Jonathan ( [email protected] ) at the yahoo group ExitFundyism


People have an amazing ability to fool themselves. Even Christian theology teaches that there are those who think they are believers but aren't. But just watching, as I have, an Islamic music group from Malaysia makes one realize how similar their actions are to those of a Christian music group. To see a man standing in deep meditation outside of a Shinto temple in Japan makes one wonder how belief comes about. To see a woman with great concern on her face burning a huge number of incense sticks at a temple in Hangzhou, China (one of my very favorite pictures) tells one that fervent prayer (and belief in the efficacy of prayer) is not the sole province of the Christian. To see how devoted Tibetan Buddhists are to their beliefs when compared with levels of devotion shown by many western Christians to theirs, makes one wonder why so many of us are less committed than them; same with the Islamacists who are willing to die for their beliefs while much of the West is not interested in self-sacrifice.

Glenn Morton [Evangelical Christian], American Scientific Affiliation (ASA) Email Discussion Group (June 16, 2006)


In my journeys in Christianity both in America and abroad I've run across a myriad of believers, a mosaic of Christianity:

I remember a converted Christian who used to be a “Satanist,” saying, “What's the big deal about smoking marijuana?”

A Pentecostal pastor in Holland sat crying at a street side cafe worried that one of his woman parishioners was going to hell since she had stopped coming to church and was now wearing make-up. And as he cried, his tears rolled off his cheeks into his beer. (Many Pentecostal Christians in the U.S. ascribe to an ethic of absolute abstinence from alcohol.)

I've known Christians who won't own a TV; others who won't allow playing cards in their house, and others who drink alcohol liberally and have every material possession imaginable.

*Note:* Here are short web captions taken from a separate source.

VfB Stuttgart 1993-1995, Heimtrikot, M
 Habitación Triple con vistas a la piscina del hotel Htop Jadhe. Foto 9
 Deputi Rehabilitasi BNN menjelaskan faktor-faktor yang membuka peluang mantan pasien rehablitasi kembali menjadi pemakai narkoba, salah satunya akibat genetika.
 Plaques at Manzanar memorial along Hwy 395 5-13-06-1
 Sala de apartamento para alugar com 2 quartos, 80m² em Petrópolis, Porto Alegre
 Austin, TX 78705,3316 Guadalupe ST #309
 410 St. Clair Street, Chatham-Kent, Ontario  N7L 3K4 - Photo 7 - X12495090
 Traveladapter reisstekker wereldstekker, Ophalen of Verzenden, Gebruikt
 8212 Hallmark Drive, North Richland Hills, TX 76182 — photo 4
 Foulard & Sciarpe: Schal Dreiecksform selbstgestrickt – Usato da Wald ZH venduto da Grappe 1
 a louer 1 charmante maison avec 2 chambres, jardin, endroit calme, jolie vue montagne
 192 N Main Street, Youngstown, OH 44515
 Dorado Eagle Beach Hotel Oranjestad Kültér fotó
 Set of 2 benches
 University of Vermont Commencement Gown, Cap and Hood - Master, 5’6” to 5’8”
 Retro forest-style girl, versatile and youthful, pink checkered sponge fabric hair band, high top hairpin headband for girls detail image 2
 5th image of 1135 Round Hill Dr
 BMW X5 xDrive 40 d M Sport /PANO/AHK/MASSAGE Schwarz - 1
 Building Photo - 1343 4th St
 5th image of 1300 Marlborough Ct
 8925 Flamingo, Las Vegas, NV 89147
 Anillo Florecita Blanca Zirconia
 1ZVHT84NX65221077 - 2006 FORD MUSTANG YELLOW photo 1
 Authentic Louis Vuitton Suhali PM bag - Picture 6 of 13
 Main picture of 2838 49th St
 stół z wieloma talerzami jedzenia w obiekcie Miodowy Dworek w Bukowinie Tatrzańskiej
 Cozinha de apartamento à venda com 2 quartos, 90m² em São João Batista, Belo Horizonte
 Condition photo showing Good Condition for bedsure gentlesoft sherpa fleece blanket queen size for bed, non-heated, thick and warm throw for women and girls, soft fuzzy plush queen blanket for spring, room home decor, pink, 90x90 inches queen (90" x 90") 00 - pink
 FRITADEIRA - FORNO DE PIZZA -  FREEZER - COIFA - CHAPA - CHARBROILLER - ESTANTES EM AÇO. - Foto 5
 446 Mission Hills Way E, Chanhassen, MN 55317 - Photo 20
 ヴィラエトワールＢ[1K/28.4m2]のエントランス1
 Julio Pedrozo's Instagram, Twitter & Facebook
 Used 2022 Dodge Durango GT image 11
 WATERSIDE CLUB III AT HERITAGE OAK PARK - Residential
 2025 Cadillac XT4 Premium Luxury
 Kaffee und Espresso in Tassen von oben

Others attempt to memorize the Bible to such an extent that it blocks most of their own personal original thoughts about anything; others who are social activists who take up causes like opposing abortion or picketing a Marilyn Manson concert; others who are simple and humble and feed the poor and house the homeless; others who are missionaries in third world countries suffering hardship for the “cause of Christ.” There was a sub group, however, in my institute who were King James Only—they believed the KJV was the only true inspired Bible for today and that all other versions were corrupted. As a group, they were radically enthusiastic and were proud to be KJV ONLY, and often fueled arguments over alternate translations. Heaven forbid they should catch anyone reading or enjoying The Living Bible (a modern English paraphrased translation of the ancient Hebrew) which they viewed as “the Devil's work.”

Karl Arendale at the Yahoo Group, ExitFundyism


Theology is a comprehensive, rigorous, and systematic attempt to conceal the beam in the scriptures and traditions of oneʼs own denomination while minutely measuring the mote in the heritages of onesʼ brothers.